### [TASK TO CARRY OUT]
Only the pictures are dropped; the lines of the material that follow are returned exactly.

### [RECORDED INFORMATION]
____

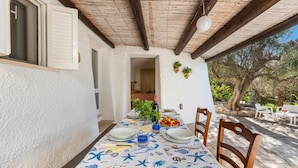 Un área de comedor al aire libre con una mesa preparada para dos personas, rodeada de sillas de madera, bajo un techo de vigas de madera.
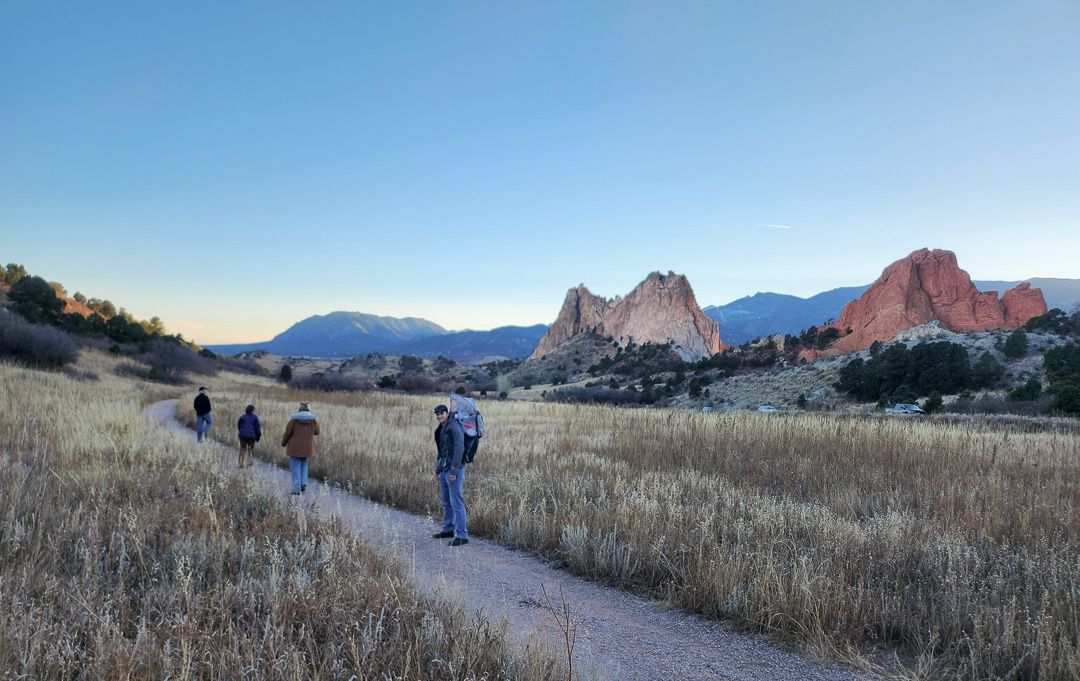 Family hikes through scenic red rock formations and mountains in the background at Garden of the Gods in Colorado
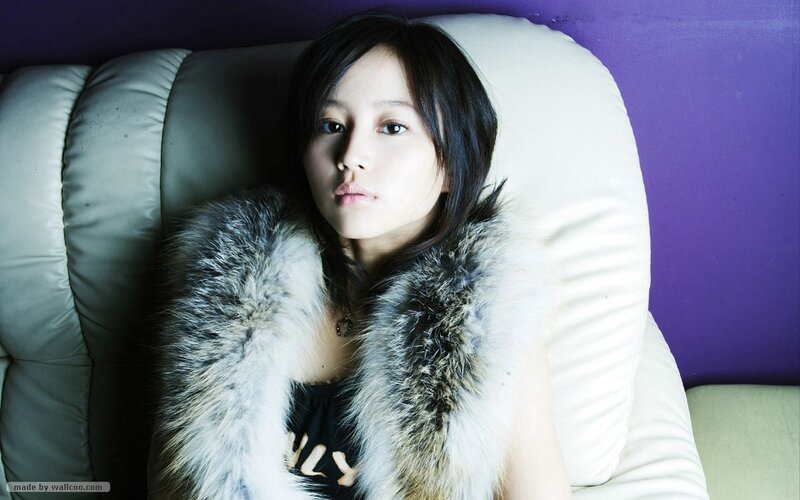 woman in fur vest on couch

____

### [SOLUTION FOR THIS PROBLEM]
 Un área de comedor al aire libre con una mesa preparada para dos personas, rodeada de sillas de madera, bajo un techo de vigas de madera.
 Family hikes through scenic red rock formations and mountains in the background at Garden of the Gods in Colorado
 woman in fur vest on couch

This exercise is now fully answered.